AS I THIMBLE Leaving the airport in a hire car, equipped with an older version of GPS to guide me to Brú na Bóinne in the Boyne Valley, the thought strikes me that I should have chosen an automatic transmission car. Changing gears with my left hand isn't exactly straightforward for me, quite simply. But we'll leave that fact
thus and navigate instead towards the beginning of this story.

Boyne Valley is an area just outside Dublin where not only 9,000 years of history await, but where we also find ourselves in the midst of a magical green landscape filled with activities and sights. A place worth discovering, close to the capital Dublin but at the same time a journey back in time.
Despite the slightly troublesome GPS, I end up in the car park of Brú na Bóinne and walks right into an exhibition. It's interesting and makes me want to see more. Unfortunately, it's only possible to visit the places with a guide, but it turns out I'm in luck. They've had a cancellation, in three hours. I ask if it's worth the wait.
– Yes, absolutely! Says the woman selling tickets.

The sound of the rituals and ceremonies held here in honour of the dead can be conjured in the imagination.

WORTH THE WAIT
A few hours later, I cross the River Boyne, which will flow with us on our journey, and pass through a wooded area. Around 20 of us board the bus. We are in the largest archaeological landscape in Ireland with 154 discovered monuments, all gathered around an area where the river makes a large bend. The area is classified as a UNESCO World Heritage site and the burial sites here built 3,200 years before Christ, meaning that they are older than the pyramids in Egypt.

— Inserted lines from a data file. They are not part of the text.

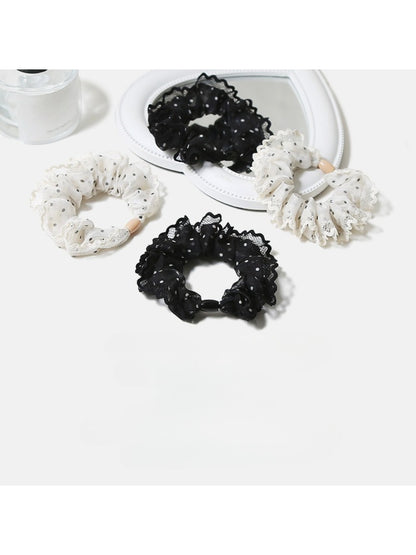 Gifty - Chic Lace Polka Dot Scrunchies
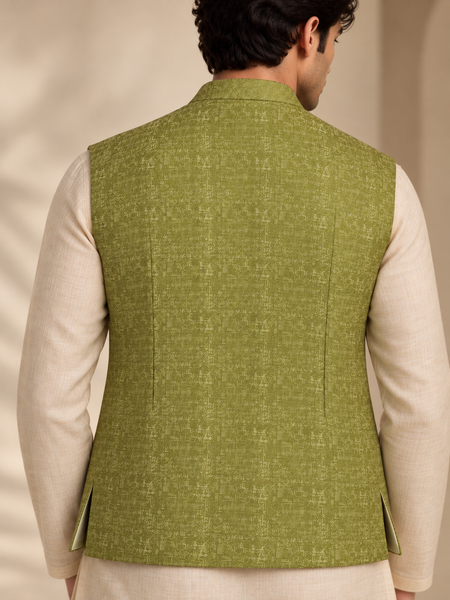 Lime Moss Green Silk/Jacquard Short Open Jacket (The Sweet Lime) - MMSOJ029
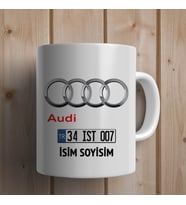 Kişiye özel AUDİ plakalı isimli kupa bardak
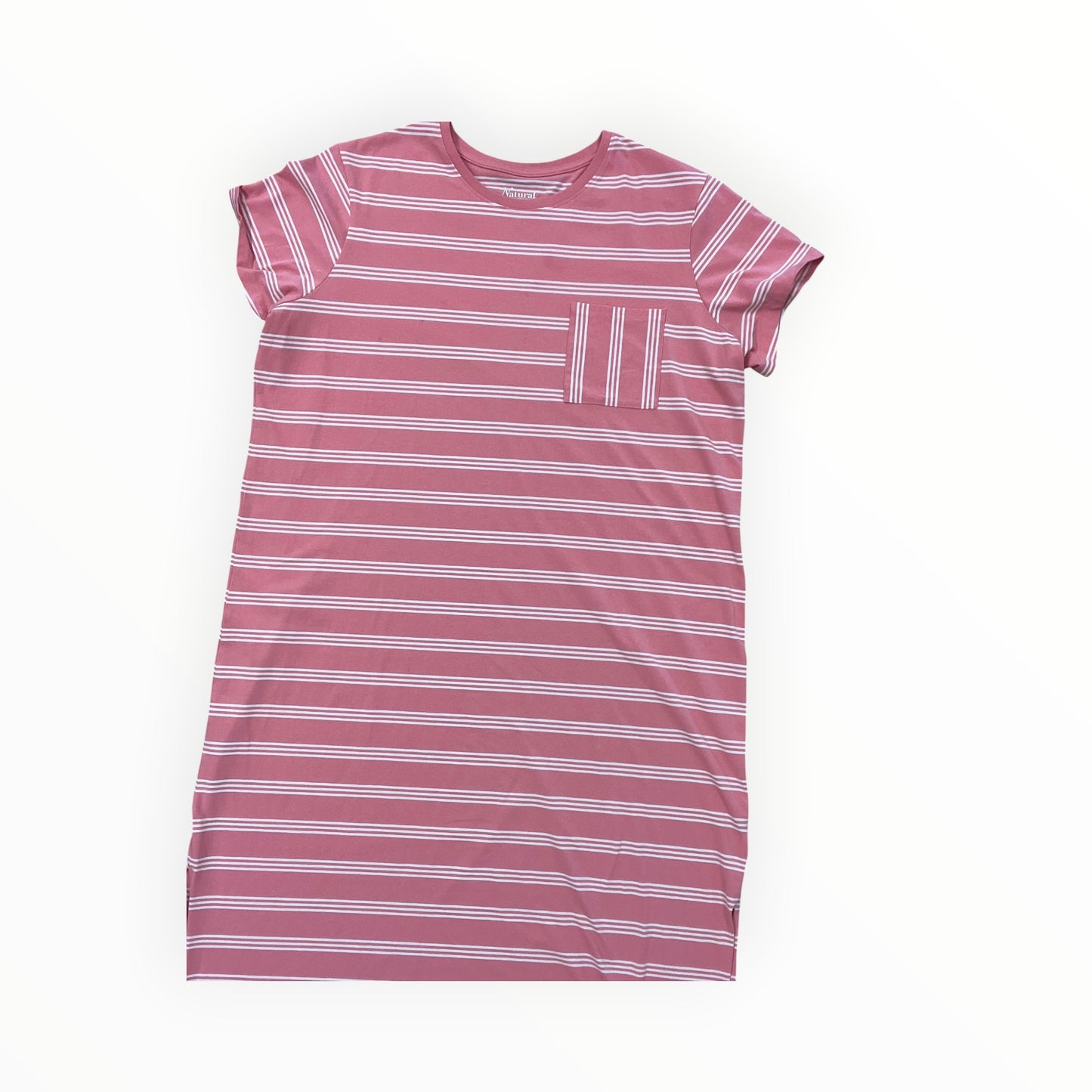 Dress Casual Maxi By Natural Reflections In Pink & White, Size:1X
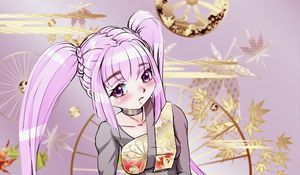 Preview wallpaper girl, ponytails, glance, anime, art, cartoon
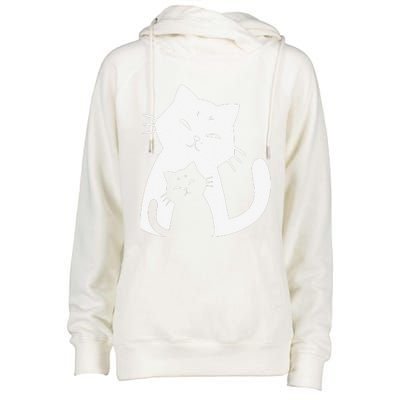 Black Cat And White Cat Womens Funnel Neck Pullover Hood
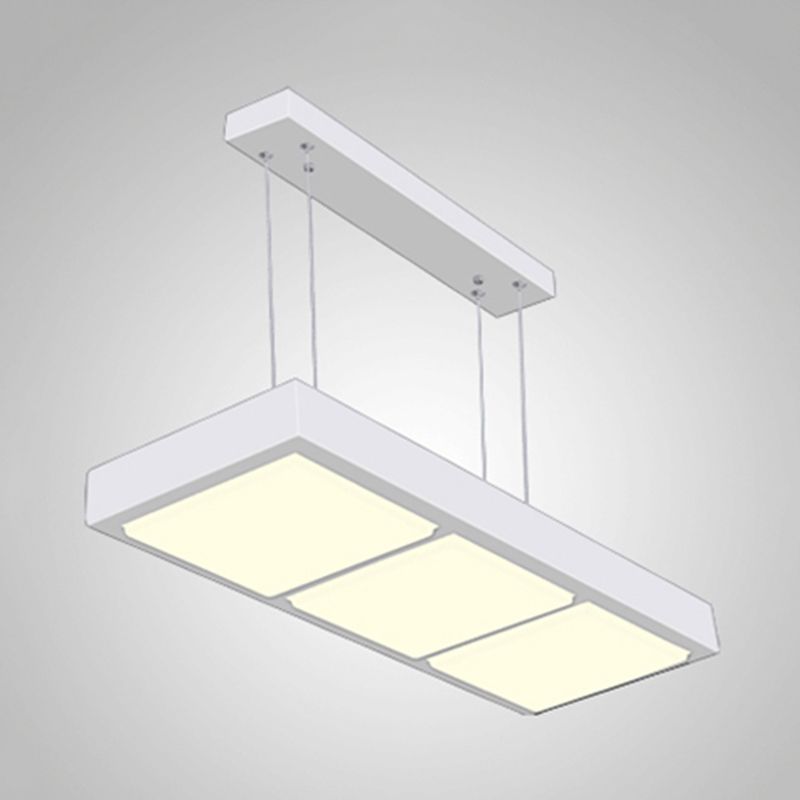 Rectangular Island Lamp Modern Metal 3/4/5 Lights Black/White Office Hanging Light in Warm/White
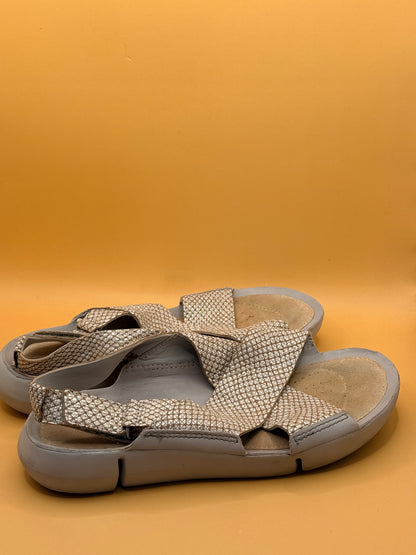 Clarks Tri Genic Metallic Snake-Print Sandals - Size 7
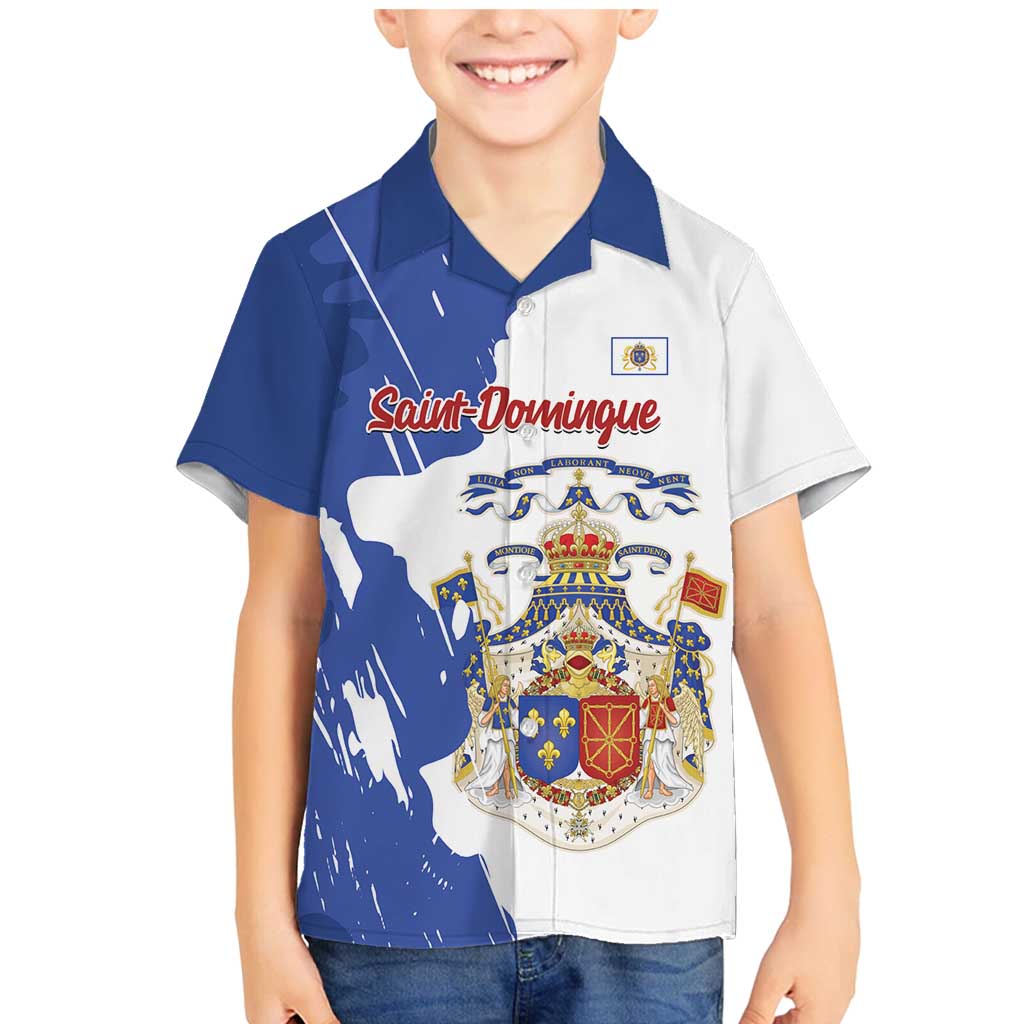 Personalised Saint-Domingue Family Matching Mermaid Dress and Hawaiian Shirt Coat Of Arms Grunge Style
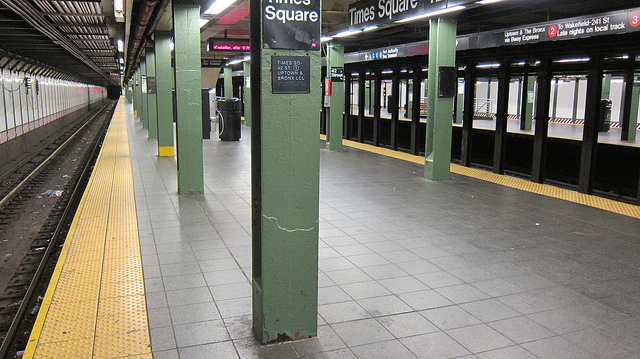 The New York City Subway system suspended service starting at 7 p.m. on October 28, 2012, in advance of Hurricane Sandy. This photo shows Times Square, normally the busiest station in the system (Photo: Metropolitan Transportation Authority/Aaron Donovan)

The most well-known are the three largest burial sites; Knowth, Newgrange and Dowth – these are the most important Neolithic sites in the world, where we also find the world's largest collection of megalithic art. On our tour, we will visit two of these. The bus will now first drop us off at the first one, Knowth.

Photo: Paul Lindsay

Magical Hills of Grass
The location is magical, the main building itself, also called Site 1, is a grassy mound resting on a stone base. The mound is 11 metres high and oval in shape with a diameter of 67 metres. Unique to this is that it has two entrances on opposite sides which lead to the centre with their own burial chambers. The megalithic symbols are carved into the stones on the walls. Site 1 is in turn surrounded by 17 smaller mounds. However, not much has been preserved here as the area has been inhabited and used by many different peoples since. The sound of the rituals and ceremonies held here dedicated to the dead can be conjured in the imagination. The sun shines brightly and we continue through the area. Our next stop is Newgrange.

The similarity between these two places is perhaps primarily their function and purpose, but also their size. Newgrange is circular, with a diameter of 85 metres and a height of 13 metres. One difference is that here we clearly see the stones as part of the expression. Black granite and white quartz in fine patterns, and 97 large limestone blocks that form the base the building rests upon.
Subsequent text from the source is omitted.